Moondog, very little evidence has made it through for ABA. Essentially from my brief skim of the document, it's an unworkable model of evidence comparison for the behavioural sciences, as to achieve anything approaching recommendation, treatment has to be blind and with a sample size of 400+
I would say to those hoping to challenge it that this is the issue to work on. It is quite dangerous I think to expect behavioural sciences to rely on RCTs as the gold standard of evidence. In assuming that this level of evidence is the only one worth considering, there naturally arises a situation in which medicines will always appear more worthy than any sort of psychosocial intervention. I have had bitter experience of this "evidence" myself, and we certainly do NOT want a situation in which the only solution to human distress is mass drugging (with all the side effects that go with it). There is outright dismissal of evidence from single case study design as far as I can see .The most common reason for dismissing ABA research however is that it is predominantly based in the US so therefore totally inapplicable.
The bit that most made me go , however, was that the evidence is subject to almost crucifying scrutiny, yet when nothing really meets their standards, the conclusion is (paraphrasing here): "by consensus opinion, speech and language therapists should be consulted where there are speech and language issues". Well, that's a help then.
Many of the people who are deciding on these guidelines were involved in the production of this document on what works in Early Intervention. There is to my mind and reading a belief amongst these professionals that ABA research is "biased" and that there is "little evidence", and more damningly, that evidence is being "over-egged" to an extent.

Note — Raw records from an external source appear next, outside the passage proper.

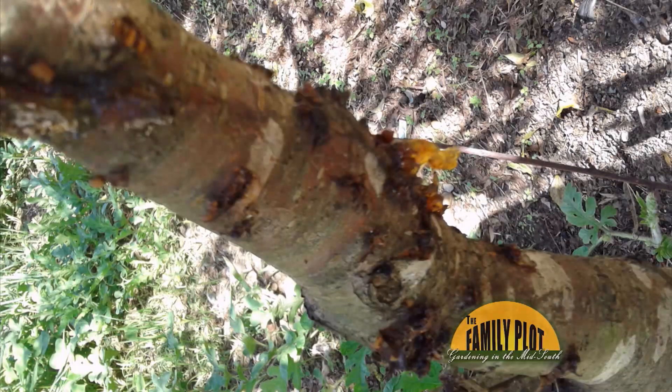What will cause the sap to run out of peach trees? How can we stop it? This is from Donna. Peach tree borer — this has your name on it.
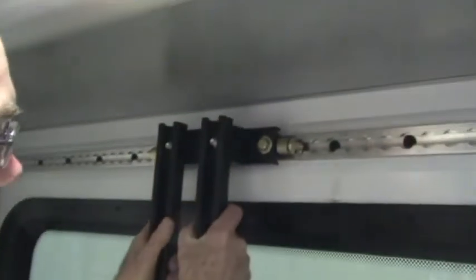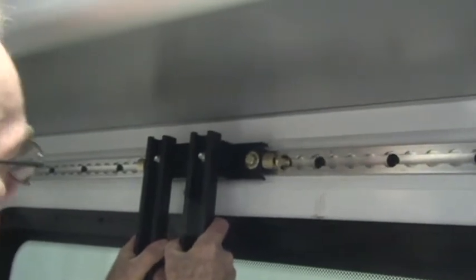We'll move up to the top and eyeballing it, we look to be fairly vertical there. It's a matter of pushing in and sliding one way or the other.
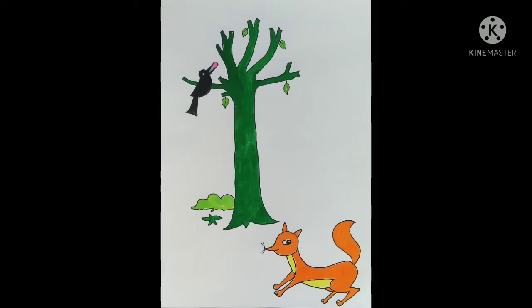Welcome to Art Class. This is K.V. Kodesh Rao, Art Teacher, DAV Public School, Dr. NTTPS, Ibrahim Bhattno. Today, I will explain how to draw Crow and Fox.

Although some things have changed (there is clear acknowledgement of the fact that ABA is a scientific approach to behaviour vs "Lovaas therapy"), there is still talk of "modern approaches" when contemporary behavioural approaches have been around for quite some time now. There is always talk about things that mesh well with developmental models like Pivotal Response Training/PECS etc as though they were somehow out of the norm in terms of current ABA practice with "Lovaas" as the prime type of EIBI (which is of course nonsense in this day and age).
I don't particularly mind them challenging some of the evidence: what I do mind is that there seems to be a situation in which the facts of day to day provision are ignored: a) practically no one is receiving ANY therapy at the intensity of ANY of these studies; b) the "therapies" viewed as being "standard" have LESS evidence of even the "biased" and "inconclusive" sort that ABA "boasts" and c) the remit shouldn't just be about challenging methodological designs.
I feel that every time "evidence" is looked at, it is merely to look at what "flaws" there are in the study unless it fits with the authors' viewpoint, in which case it is about acknowledging flaws in a sort of half-hearted way before spending a lot of time talking about theory and then what the studies that mesh with their bias "add". Sigh.
If it were the case that there were a strong and robust evidence base for standard provision and that people were receiving provision that matched the best evidence currently available, I could take these criticisms seriously. However, in the absence of that, I have to wonder what the agenda is. I also have to query to what extent "consensus" is considered appropriate in the NICE guidance when it omits all behavioural stakeholders.